Items from a dataset
# # # #
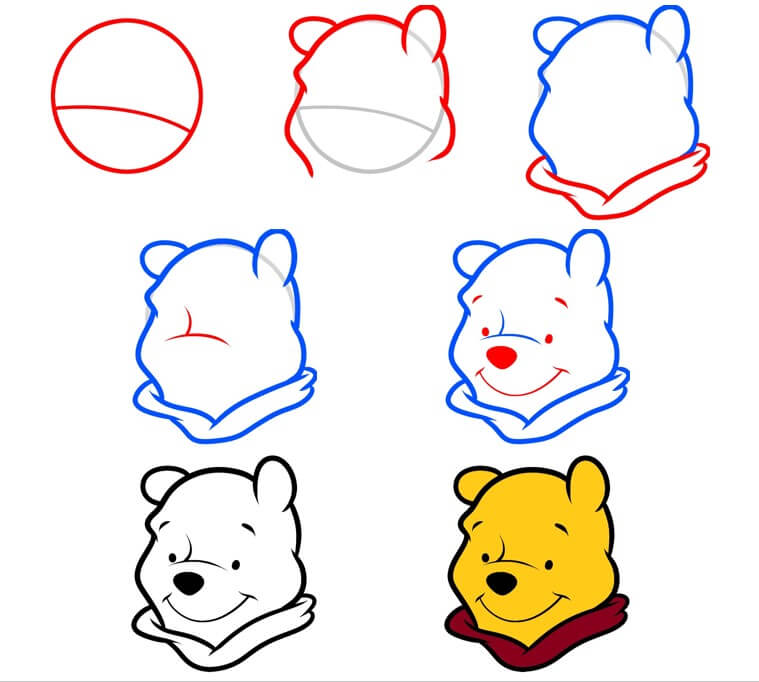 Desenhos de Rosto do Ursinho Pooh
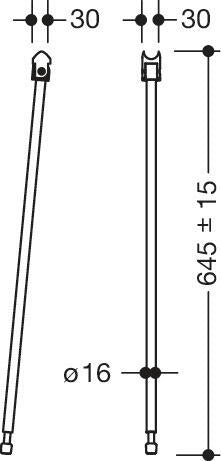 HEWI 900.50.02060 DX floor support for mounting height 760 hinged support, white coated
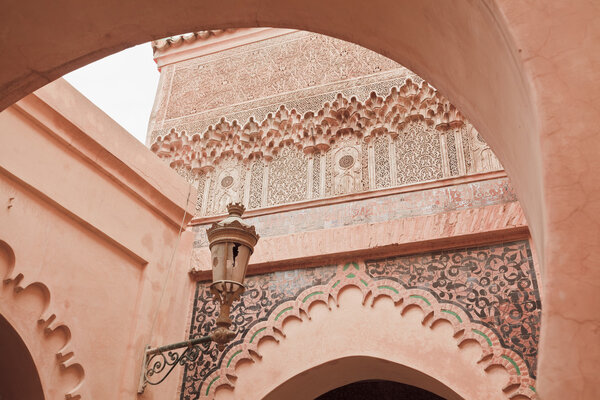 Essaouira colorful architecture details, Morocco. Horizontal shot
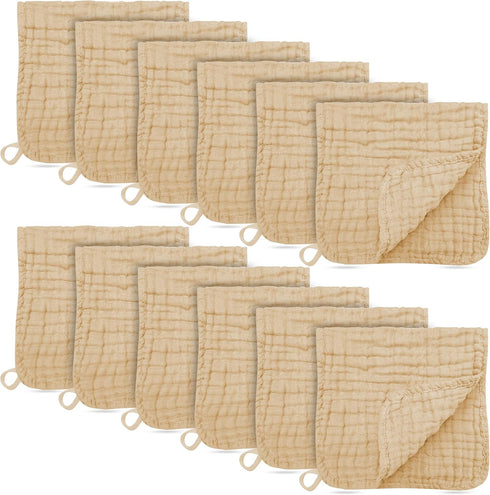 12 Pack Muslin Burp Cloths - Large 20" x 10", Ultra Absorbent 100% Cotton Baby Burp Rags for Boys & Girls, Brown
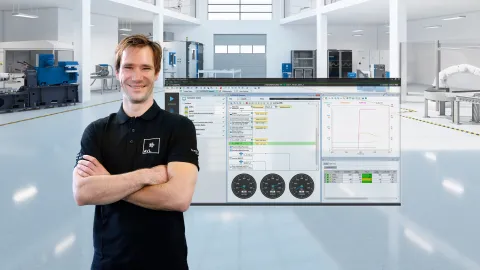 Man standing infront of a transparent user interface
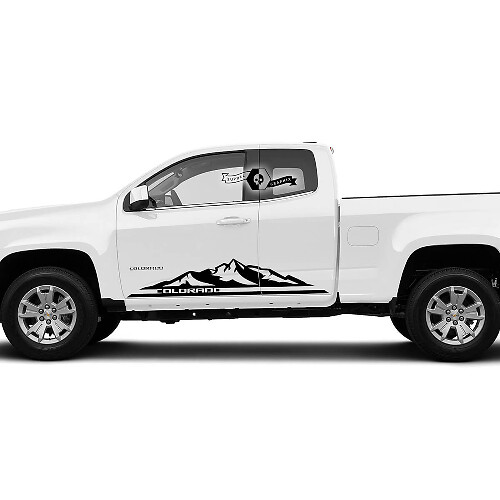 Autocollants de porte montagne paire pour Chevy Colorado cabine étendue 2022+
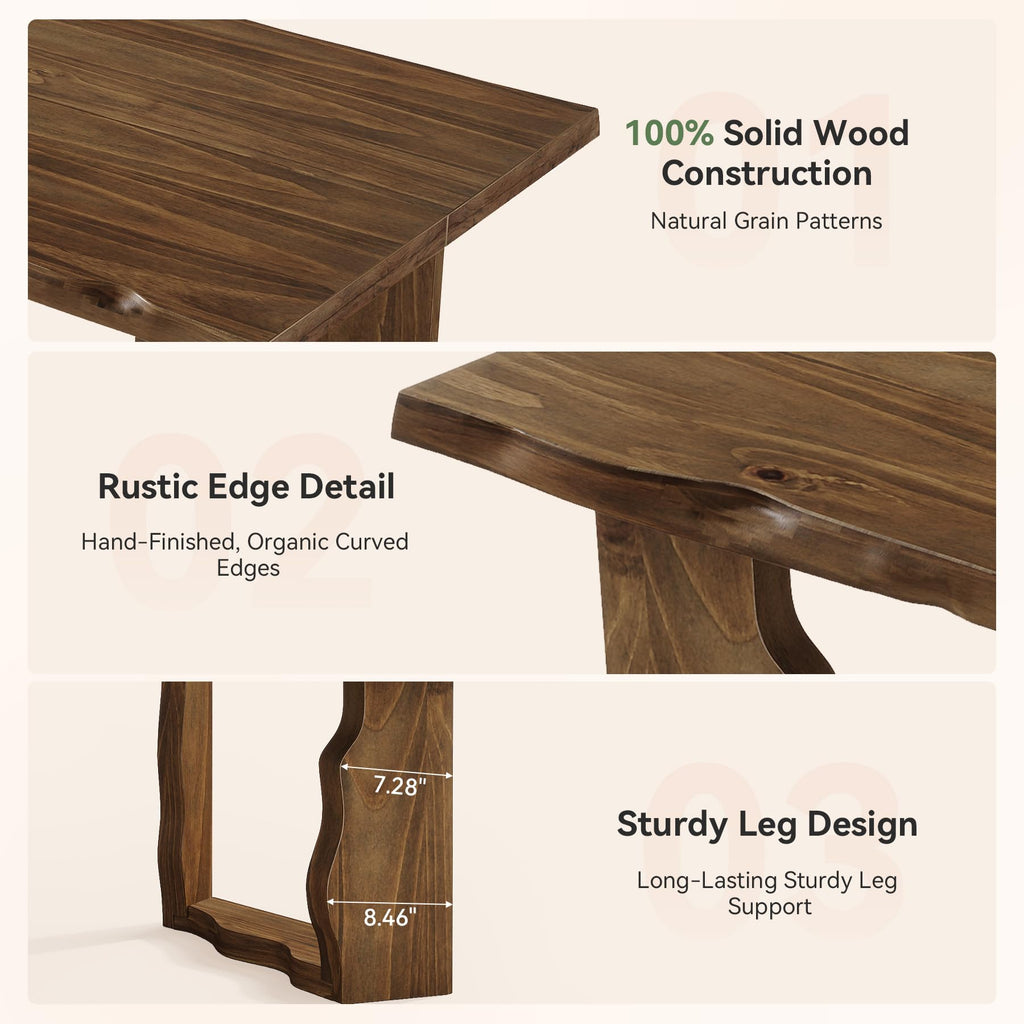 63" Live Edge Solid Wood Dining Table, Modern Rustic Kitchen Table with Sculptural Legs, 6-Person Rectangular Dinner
# # # #
## To do
Write out exactly the lines from the one containing "HEWI 900.50.02060 DX" through the end of the entries, both included. Pictures are not copied.

## Solution to this problem
 HEWI 900.50.02060 DX floor support for mounting height 760 hinged support, white coated
 Essaouira colorful architecture details, Morocco. Horizontal shot
 12 Pack Muslin Burp Cloths - Large 20" x 10", Ultra Absorbent 100% Cotton Baby Burp Rags for Boys & Girls, Brown
 Man standing infront of a transparent user interface
 Autocollants de porte montagne paire pour Chevy Colorado cabine étendue 2022+
 63" Live Edge Solid Wood Dining Table, Modern Rustic Kitchen Table with Sculptural Legs, 6-Person Rectangular Dinner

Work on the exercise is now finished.